Hoy quiero hablaros de un libro fascinante. Aunque hace poco que llegó a mis manos, no es un libro reciente. Fue escrito por Hans Ruesch en 1950 bajo el título “Top of the world” y posteriormente fue traducido a diversos idiomas como “El país de las sombras largas”. En España está editado por Ediciones del Viento.

"El pais de las sombras largas" de Hans Ruesch

El libro, que cuenta la vida de una familia de esquimales, es absolutamente delicioso. Por un lado está lleno de humor, de ese humor inocente tipíco de los niños y las personas sencillas, que con su lógica irrefutable dicen frases lapidarías que te hacen sonreir, pero que cuando las piensas con detenimiento te das cuanta que dicen verdades como puños.

Por otro lado el drama, que está siempre presente a lo largo del libro. Pero es un drama matizado, supeditado a un interés superior: la supervivencia. La historia está salpicada de visicitudes que escandarizarían nuestra mente occidental: los ancianos que son abandonados a su suerte (o mejor dicho a su congelación) cuando ya no son productivos, las niñas que son dejadas morir nada más nacer si no ha nacido un varón primero o si no tienen ya un marido previsto para casarlas (lo que lleva a otra costumbre: la de prestarse las mujeres, por lo escasas que son). En el libro los personajes las viven como simples anécdotas, con normalidad o con alegría incluso. Consecuencias lógicas de la vida en un clima extremo.

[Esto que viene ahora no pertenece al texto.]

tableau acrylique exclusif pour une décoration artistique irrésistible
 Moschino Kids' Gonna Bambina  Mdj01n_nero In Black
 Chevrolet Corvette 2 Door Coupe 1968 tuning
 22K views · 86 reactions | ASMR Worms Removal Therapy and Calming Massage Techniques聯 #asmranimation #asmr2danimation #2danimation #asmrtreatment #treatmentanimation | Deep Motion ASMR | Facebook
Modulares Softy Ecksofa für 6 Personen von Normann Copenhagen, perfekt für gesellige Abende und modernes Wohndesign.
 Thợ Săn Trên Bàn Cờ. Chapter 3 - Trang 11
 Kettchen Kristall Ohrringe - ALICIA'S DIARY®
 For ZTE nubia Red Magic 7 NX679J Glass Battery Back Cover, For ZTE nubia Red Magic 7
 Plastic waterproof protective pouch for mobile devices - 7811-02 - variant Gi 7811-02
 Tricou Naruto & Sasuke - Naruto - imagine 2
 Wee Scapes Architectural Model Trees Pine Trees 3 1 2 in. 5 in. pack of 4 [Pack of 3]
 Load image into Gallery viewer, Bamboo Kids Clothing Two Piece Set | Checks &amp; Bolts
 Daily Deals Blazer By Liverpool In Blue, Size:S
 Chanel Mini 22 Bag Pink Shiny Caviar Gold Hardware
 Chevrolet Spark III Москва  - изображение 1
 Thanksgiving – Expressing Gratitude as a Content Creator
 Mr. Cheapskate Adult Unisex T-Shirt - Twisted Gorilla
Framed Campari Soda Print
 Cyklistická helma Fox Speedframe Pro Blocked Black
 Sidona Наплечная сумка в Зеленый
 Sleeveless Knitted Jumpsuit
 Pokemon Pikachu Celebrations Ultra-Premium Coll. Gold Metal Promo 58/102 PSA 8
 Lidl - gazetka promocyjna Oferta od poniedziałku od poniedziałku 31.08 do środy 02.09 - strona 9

Y el último elemento de la historia es el colonialismo y la invasión cultural. Cómo nuestra cultura occidental tiende a imponer nuestras costumbres y crecencias, arrasando y menosprenciando a las del lugar y destruyendo la armonía entre sus habitantes. Y cómo cuando esa invasión produce el único resultado posible: el dolor, todavía seguimos pensando que es por culpa de aquellos que no ha querido o no han sabido adoportar nuestra cultura.

Os dejo, para que os pique el gusanillo, un pequeño fragmento extraído de la priméra página:

Ernenek nunca había tenido una mujer própia, porque era joven y porque en los hielos del extremo norte escasean las mujeres tanto como abundan los osos; sin embargo, conocía la importancia de tener una mujer propia, hábil en raspar las ropas y en confeccionar calzado, y con la cual podía uno charla durante la noche.

Sobre todo donde la noche dura cinco meses.

En resumen, un libro muy recomendable, de lectura casi obligada.